== Your assignment ==
The lines to copy run from the one containing "The CollectR™ System Pirots 5" to the end of the listing. Please write them out exactly, minus the pictures.

---- Material for this exercise

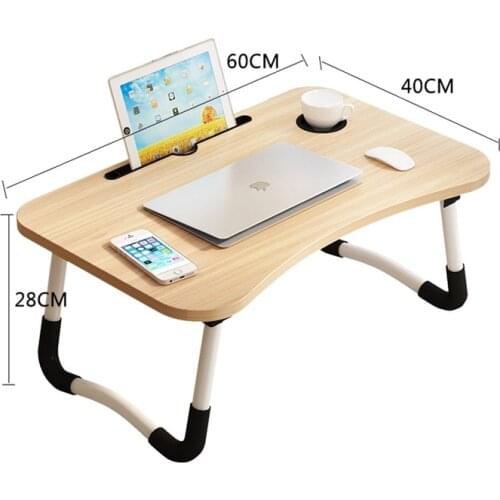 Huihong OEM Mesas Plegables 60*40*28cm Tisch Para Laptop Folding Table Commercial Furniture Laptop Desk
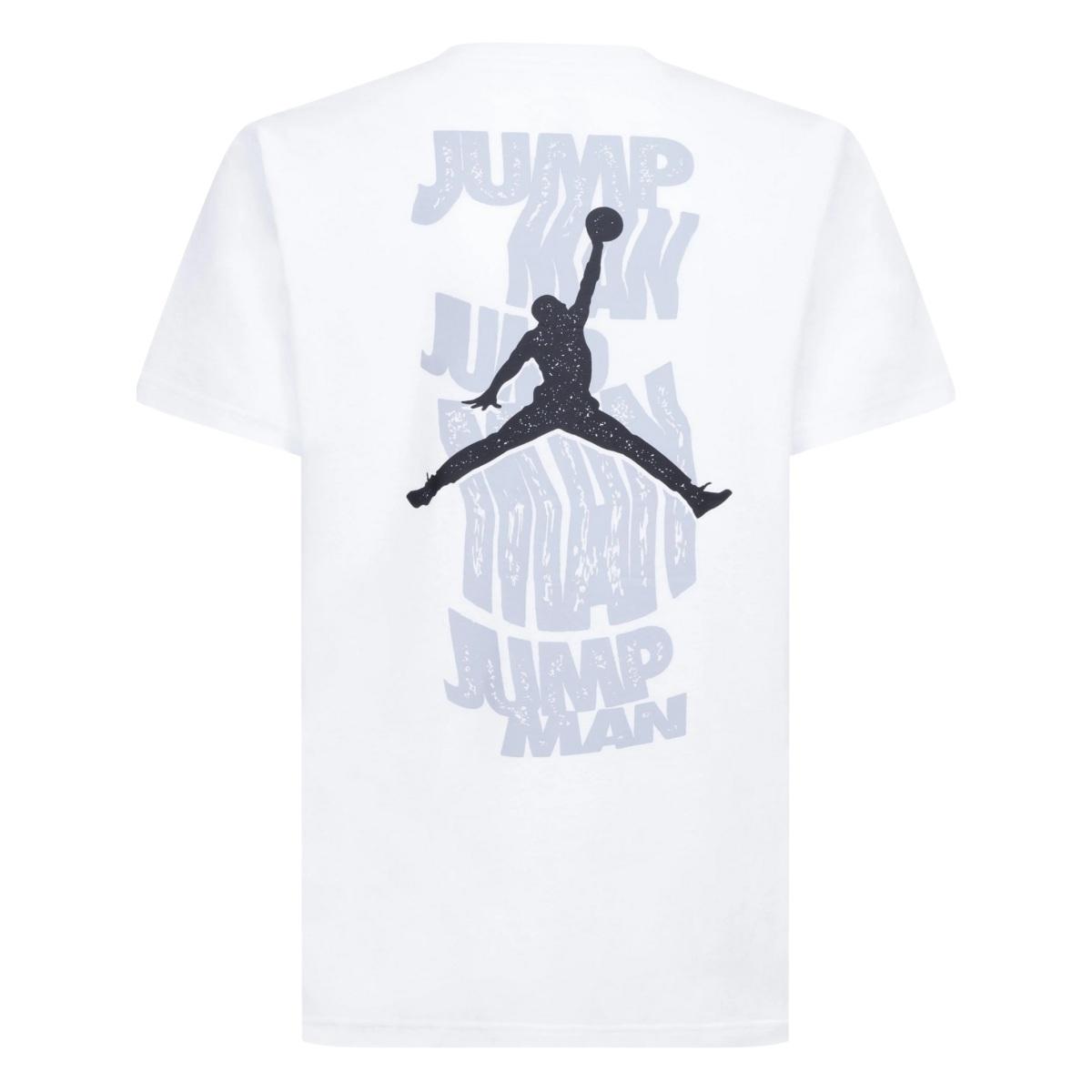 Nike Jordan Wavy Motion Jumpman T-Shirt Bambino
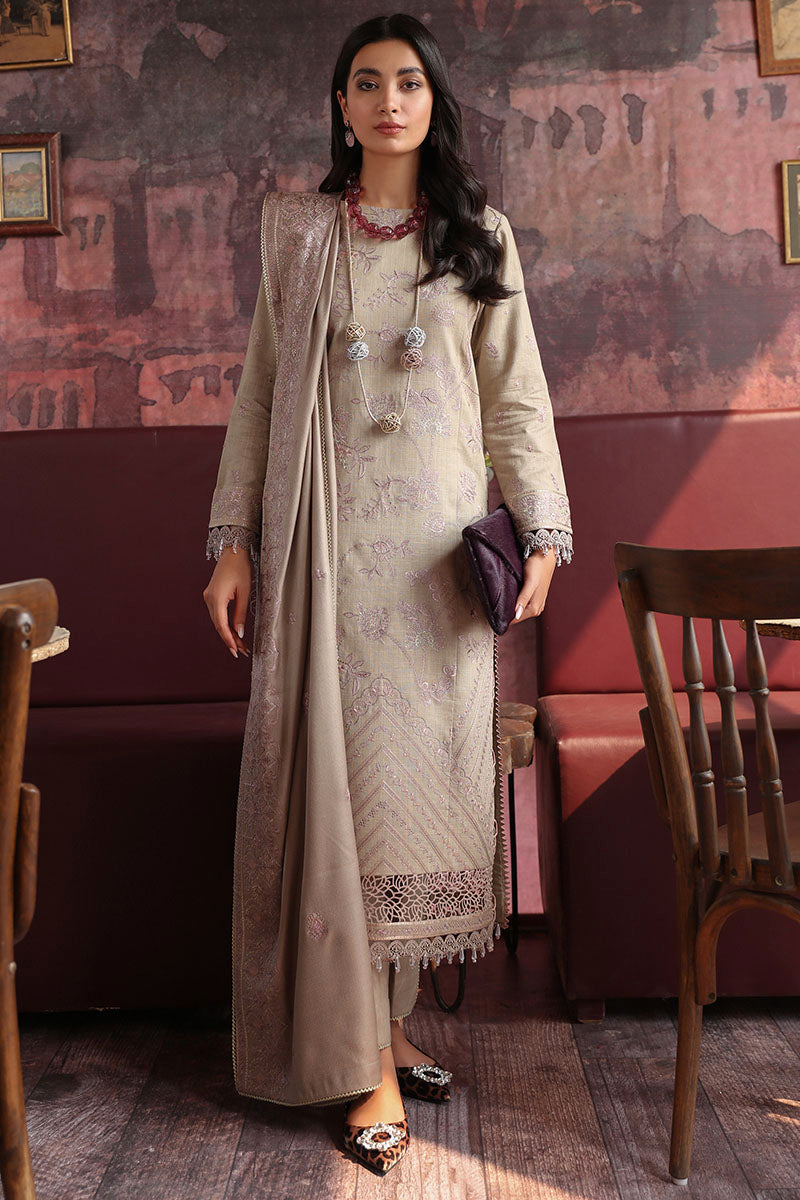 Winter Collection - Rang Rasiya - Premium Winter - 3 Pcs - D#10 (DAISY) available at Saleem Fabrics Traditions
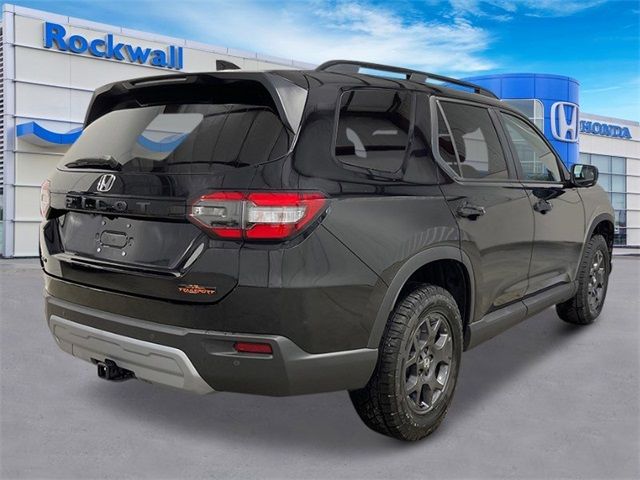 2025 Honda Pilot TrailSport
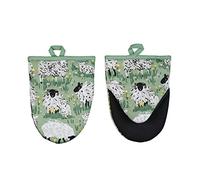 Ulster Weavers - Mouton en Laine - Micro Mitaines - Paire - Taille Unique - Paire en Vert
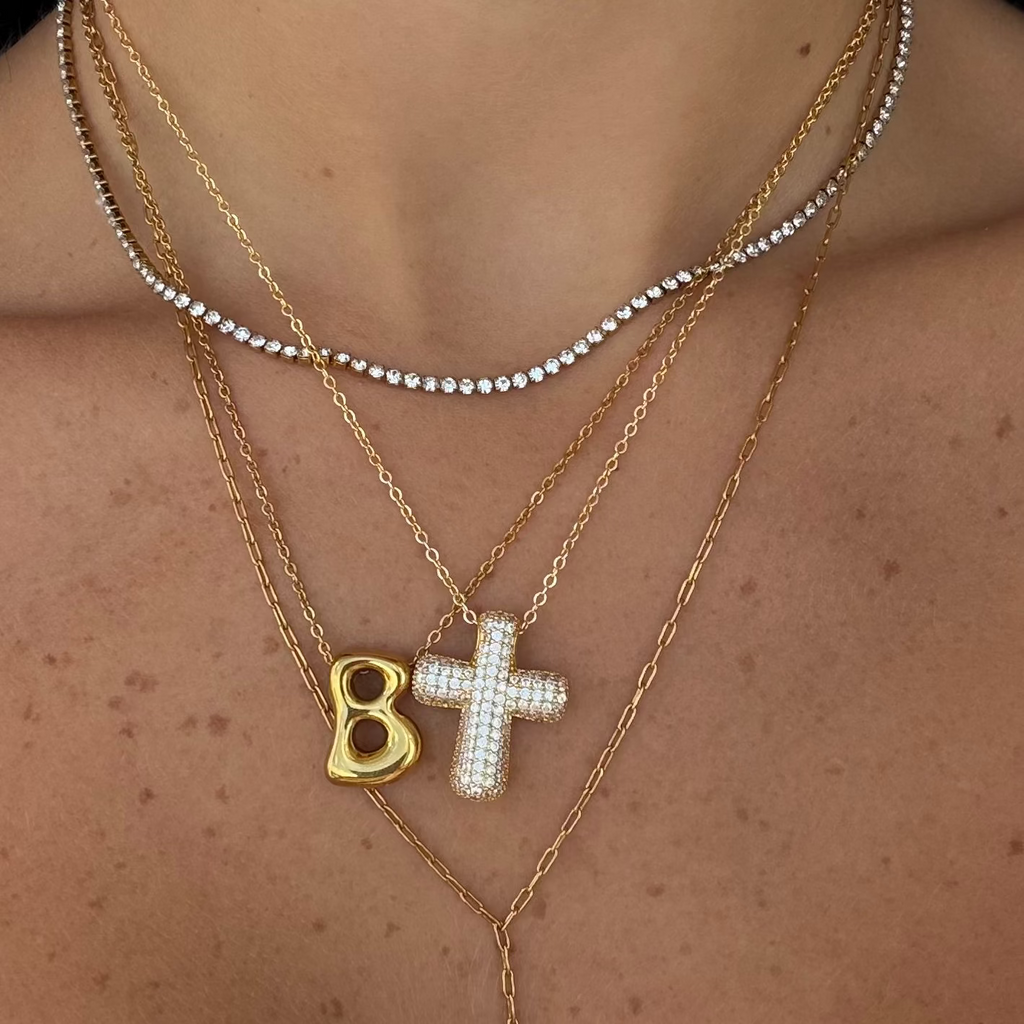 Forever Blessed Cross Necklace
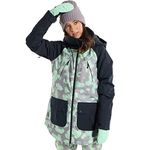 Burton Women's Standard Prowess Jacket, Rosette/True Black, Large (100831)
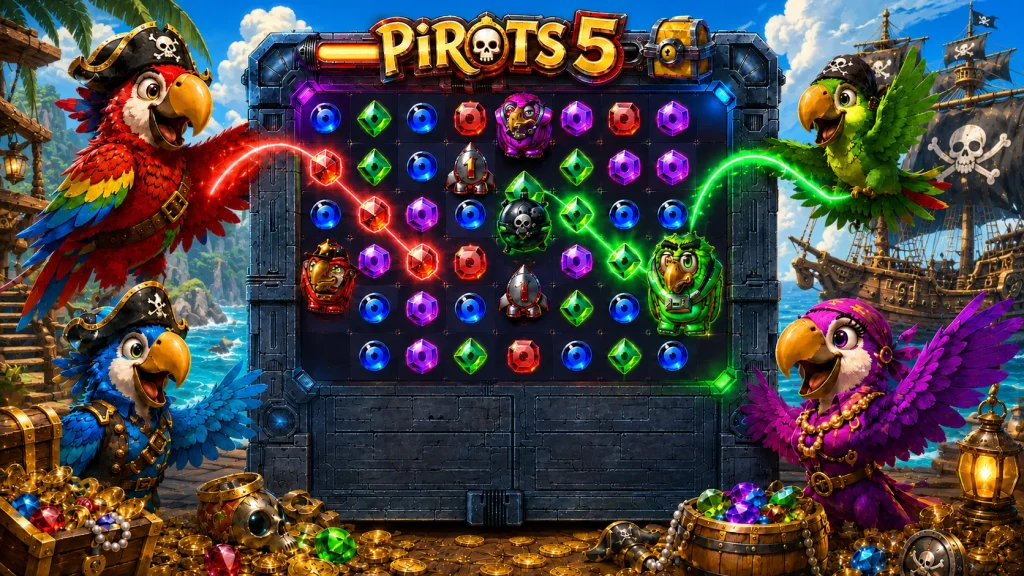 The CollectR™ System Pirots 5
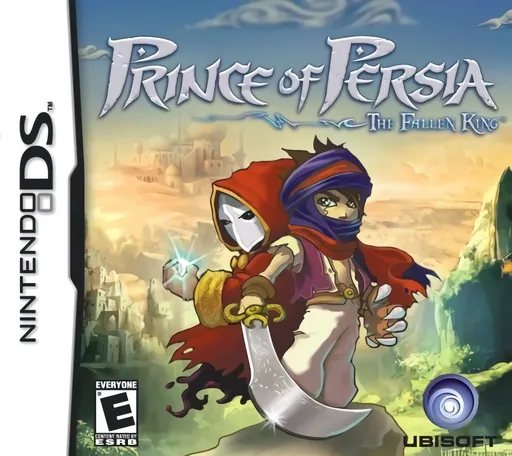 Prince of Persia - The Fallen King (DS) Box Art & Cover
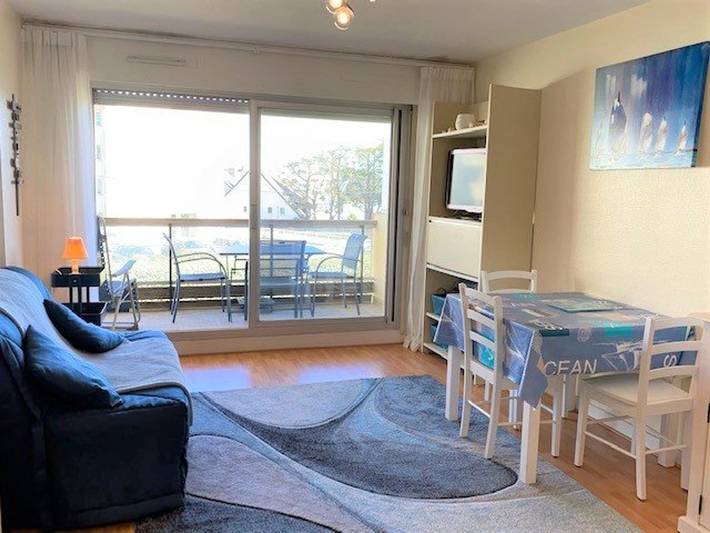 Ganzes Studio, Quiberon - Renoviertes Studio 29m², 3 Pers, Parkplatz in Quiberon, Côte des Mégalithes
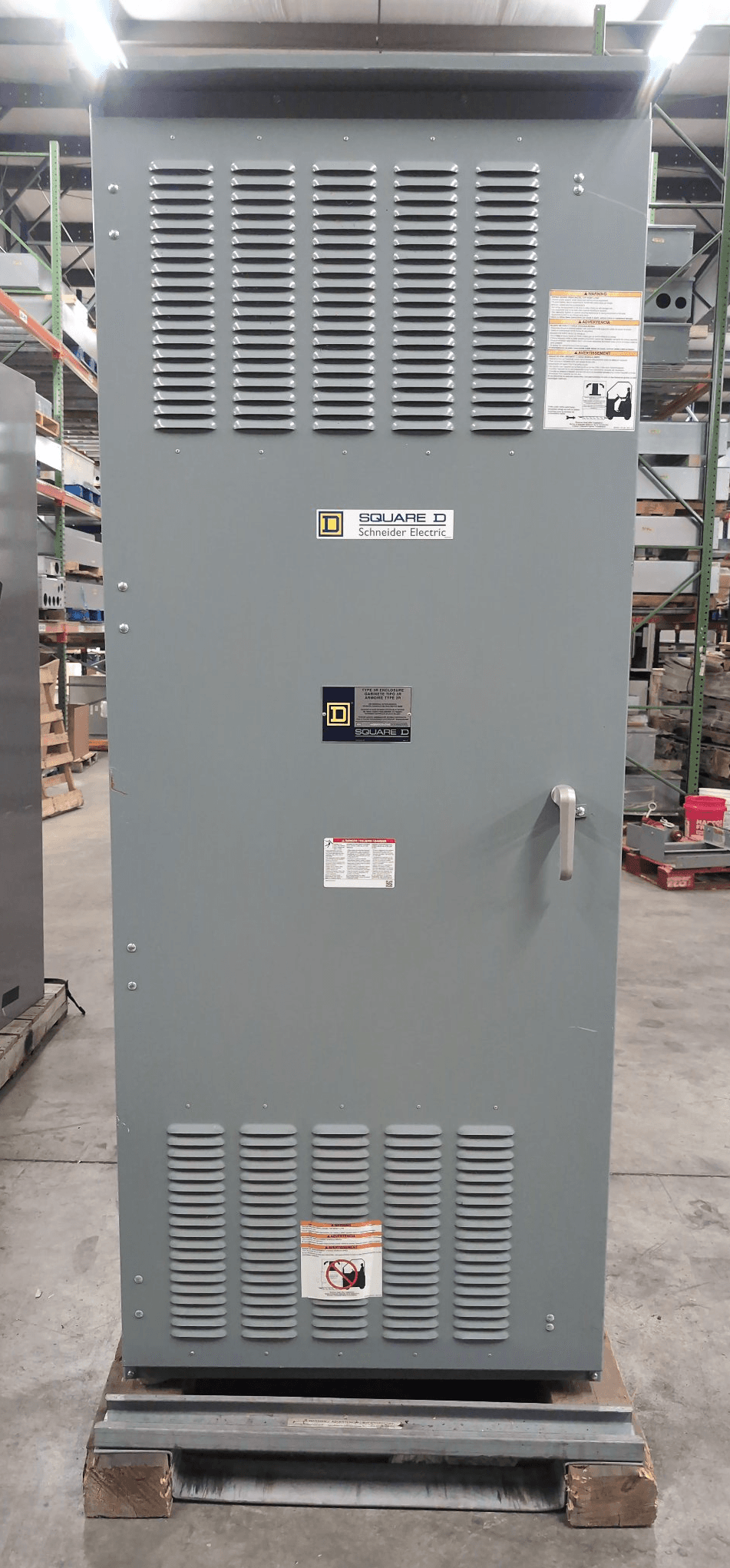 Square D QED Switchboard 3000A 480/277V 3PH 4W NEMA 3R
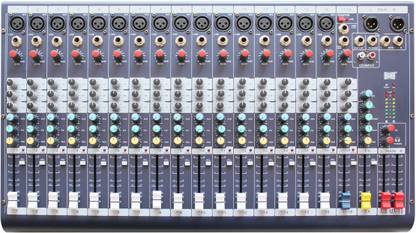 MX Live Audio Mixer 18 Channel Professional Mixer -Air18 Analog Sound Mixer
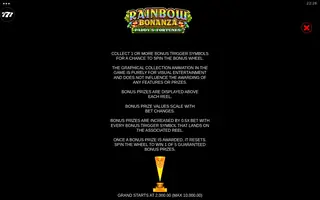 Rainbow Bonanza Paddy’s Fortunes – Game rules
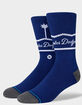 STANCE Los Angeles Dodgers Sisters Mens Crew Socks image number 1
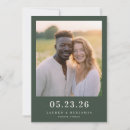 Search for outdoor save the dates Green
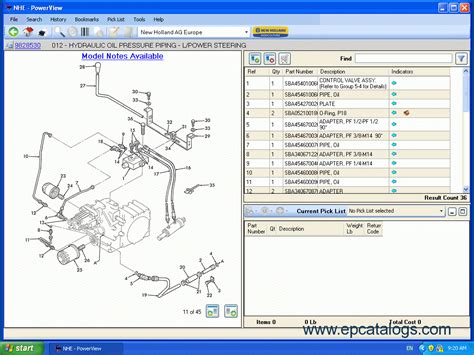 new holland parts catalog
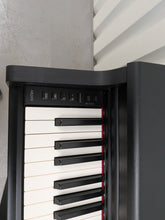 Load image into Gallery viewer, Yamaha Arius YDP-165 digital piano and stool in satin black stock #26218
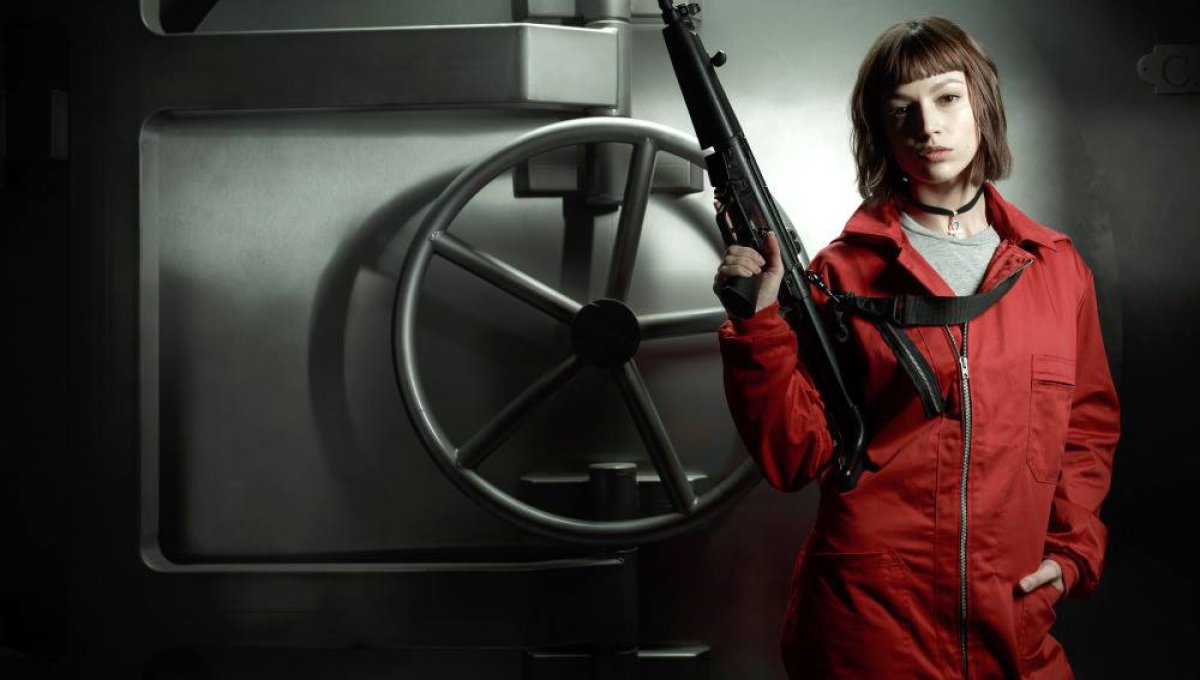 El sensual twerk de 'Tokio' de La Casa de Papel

--------

== Written answer ==
 The CollectR™ System Pirots 5
 Prince of Persia - The Fallen King (DS) Box Art & Cover
 Ganzes Studio, Quiberon - Renoviertes Studio 29m², 3 Pers, Parkplatz in Quiberon, Côte des Mégalithes
 Square D QED Switchboard 3000A 480/277V 3PH 4W NEMA 3R
 MX Live Audio Mixer 18 Channel Professional Mixer -Air18 Analog Sound Mixer
 Rainbow Bonanza Paddy’s Fortunes – Game rules
 STANCE Los Angeles Dodgers Sisters Mens Crew Socks image number 1
 Search for outdoor save the dates Green
 new holland parts catalog
 Load image into Gallery viewer, Yamaha Arius YDP-165 digital piano and stool in satin black stock #26218
 El sensual twerk de 'Tokio' de La Casa de Papel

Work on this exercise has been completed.